La crisis del modelo francés se debe sobre todo a lo difícil que resulta reformarlo. Se espera demasiado del Estado, y este a su vez tiende a tomar decisiones de forma centralizada, lo cual explica la repetición de manifestaciones contra los gobiernos sucesivos. Algo que no tiene sentido en países más descentralizados o con diálogo social fluido.
Es urgente mejorar la capacidad del modelo para reformarse. La globalización exige una adaptación constante a un entorno más competitivo. La sociedad francesa es más heterogénea: inmigración, crecimiento exponencial de familias monoparentales, etcétera. Y por supuesto el envejecimiento también exige modificaciones del modelo.
Hasta ahora, la economía francesa no se ha visto afectada por esta situación. Antes de la crisis, el crecimiento de la economía gala se acercaba a la media europea, y superaba al de la economía alemana. Francia cuenta con algunos sectores muy competitivos y es el segundo país que recibe más inversión directa internacional.
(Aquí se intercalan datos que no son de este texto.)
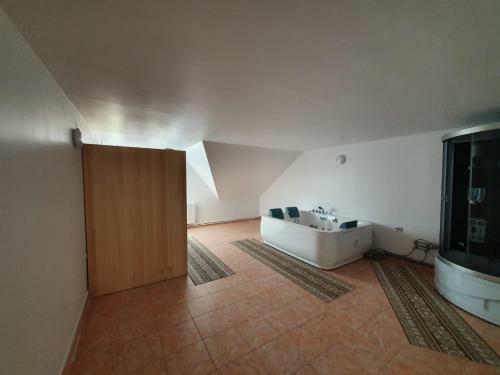 Hostal Pensiune Restaurant Cosna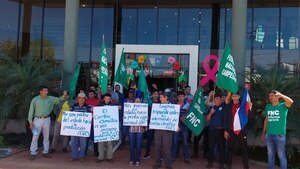 Miembros de la FNC se manifestaron para exigir asistencia tras temporal - Nacionales - ABC Color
Pero evidentemente las perspectivas económicas pueden cambiar. En principio, el modelo francés de prosperidad y equidad mantiene su plena vigencia. La clave para salvarlo está en mejorar su capacidad de reformarse mediante una mayor descentralización, así como la implicación y responsabilización de los actores sociales.
Raymond Torres es director del Instituto Internacional de Estudios Laborales de la OIT.